Exclude the pictures and transcribe the rest of the data below exactly.
* * *
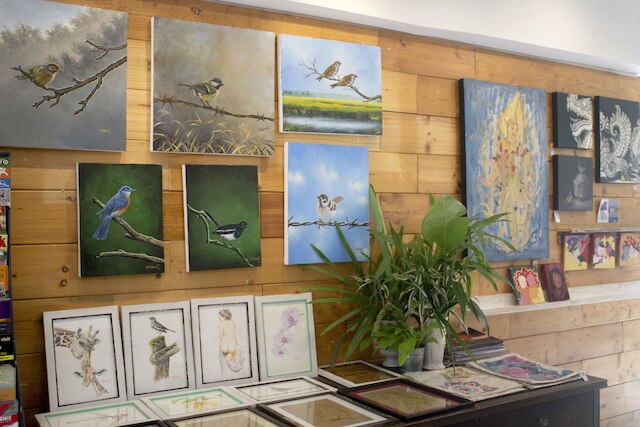 ヘウアン パーク ディー ホステル アット ギャラリー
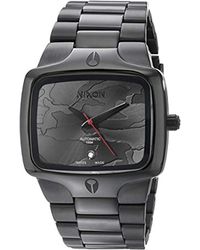 Nixon swiss shop automatic ii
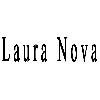 laura nova logosu
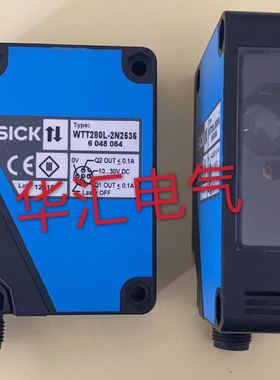 全新原装WTT280L-2N2536 WLLC10-9401 WTT280L-2P2531传感器询价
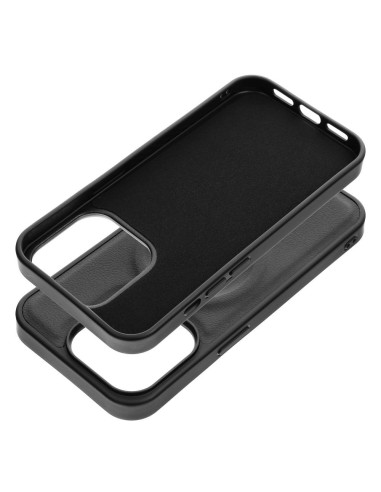ETUI Roar Mag Morning Case - pour iPhone 15 Pro NOIR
* * *
## Answer section
 ヘウアン パーク ディー ホステル アット ギャラリー
 Nixon swiss shop automatic ii
 laura nova logosu
 全新原装WTT280L-2N2536 WLLC10-9401 WTT280L-2P2531传感器询价
ETUI Roar Mag Morning Case - pour iPhone 15 Pro NOIR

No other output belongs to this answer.